### DATA BLOCK
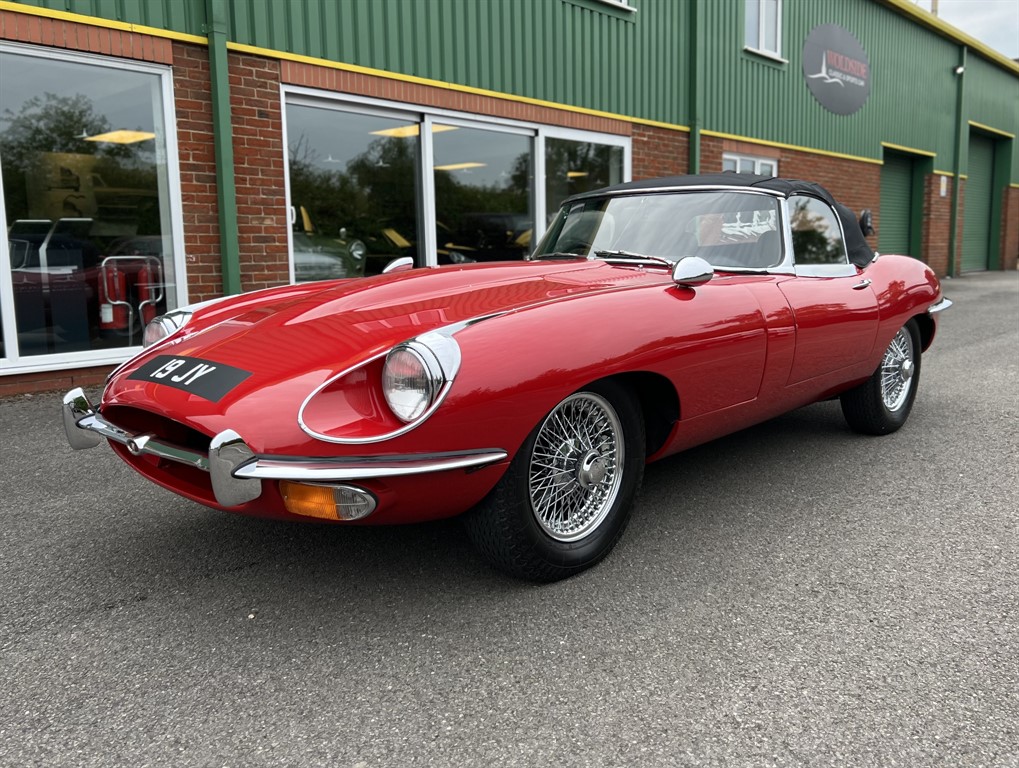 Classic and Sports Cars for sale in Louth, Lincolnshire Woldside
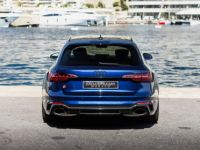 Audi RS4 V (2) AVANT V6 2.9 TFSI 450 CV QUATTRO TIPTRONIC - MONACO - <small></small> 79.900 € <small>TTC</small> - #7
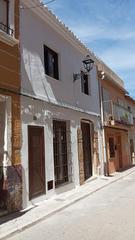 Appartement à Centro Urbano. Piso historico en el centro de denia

### REQUIREMENT
Print all data above verbatim, except pictures.

### OUTPUT OF THE EXERCISE
 Classic and Sports Cars for sale in Louth, Lincolnshire Woldside
 Audi RS4 V (2) AVANT V6 2.9 TFSI 450 CV QUATTRO TIPTRONIC - MONACO - <small></small> 79.900 € <small>TTC</small> - #7
 Appartement à Centro Urbano. Piso historico en el centro de denia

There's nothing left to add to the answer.